Records for the exercise below:

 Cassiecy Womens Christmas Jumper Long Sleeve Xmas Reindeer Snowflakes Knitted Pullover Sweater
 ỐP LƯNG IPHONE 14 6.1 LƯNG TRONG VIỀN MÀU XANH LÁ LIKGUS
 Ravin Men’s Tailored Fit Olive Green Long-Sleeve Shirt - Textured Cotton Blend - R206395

End of Records for the exercise.
Records for the exercise below:

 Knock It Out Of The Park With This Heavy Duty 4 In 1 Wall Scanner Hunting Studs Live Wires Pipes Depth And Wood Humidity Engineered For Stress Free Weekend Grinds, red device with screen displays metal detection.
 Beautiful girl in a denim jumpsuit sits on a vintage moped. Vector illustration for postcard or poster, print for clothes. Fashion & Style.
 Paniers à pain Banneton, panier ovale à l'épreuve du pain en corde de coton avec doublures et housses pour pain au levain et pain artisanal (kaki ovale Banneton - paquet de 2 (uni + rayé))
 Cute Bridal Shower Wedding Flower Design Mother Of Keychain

End of Records for the exercise.
Records for the exercise below:

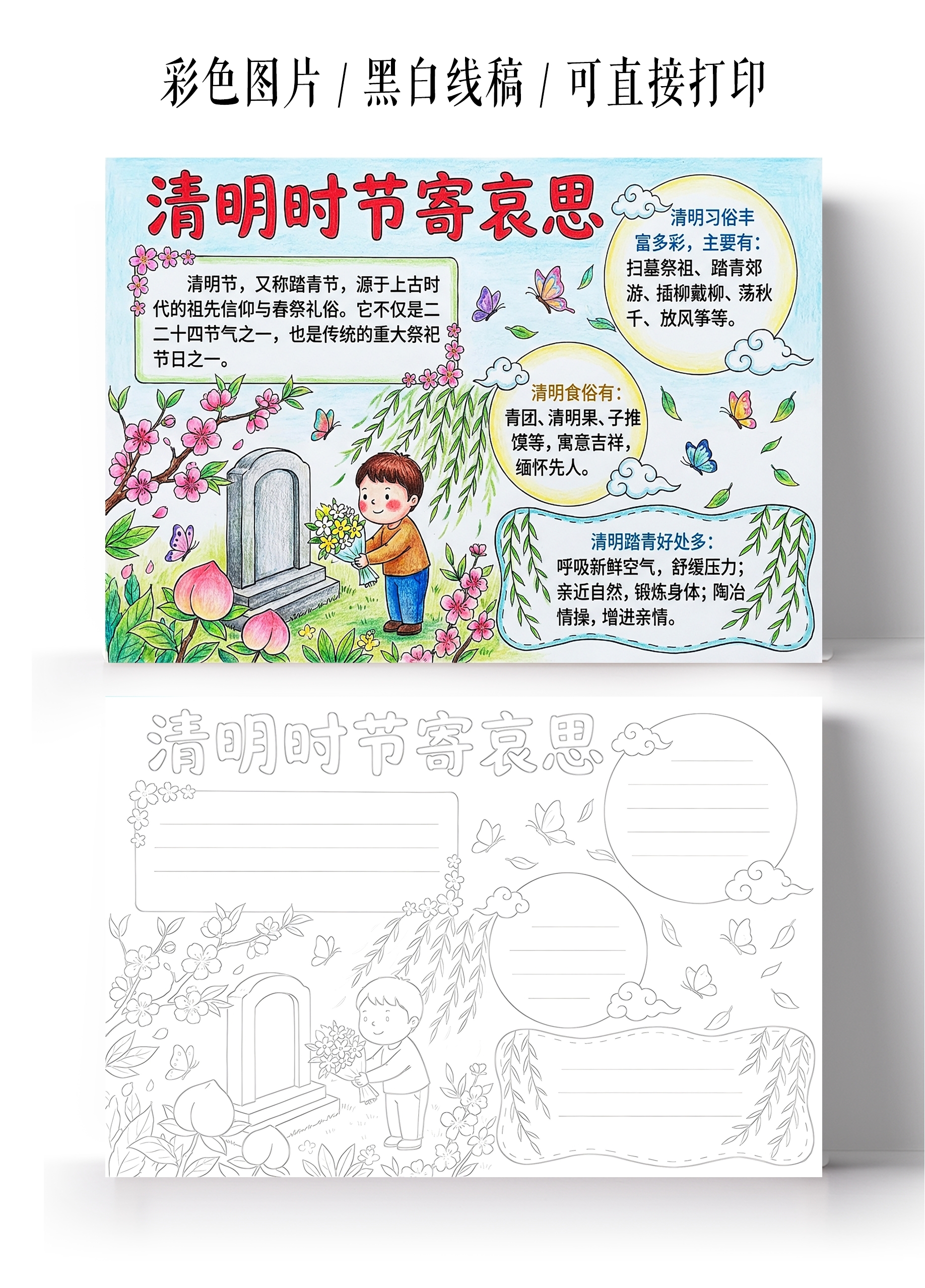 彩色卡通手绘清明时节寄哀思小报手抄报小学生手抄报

End of Records for the exercise.

Your goal: All lines in the listing above between the line with "Beautiful girl in" and the line with "Cute Bridal Shower", inclusive, should be set down exactly, and no line outside that range.

Written answer:
 Beautiful girl in a denim jumpsuit sits on a vintage moped. Vector illustration for postcard or poster, print for clothes. Fashion & Style.
 Paniers à pain Banneton, panier ovale à l'épreuve du pain en corde de coton avec doublures et housses pour pain au levain et pain artisanal (kaki ovale Banneton - paquet de 2 (uni + rayé))
 Cute Bridal Shower Wedding Flower Design Mother Of Keychain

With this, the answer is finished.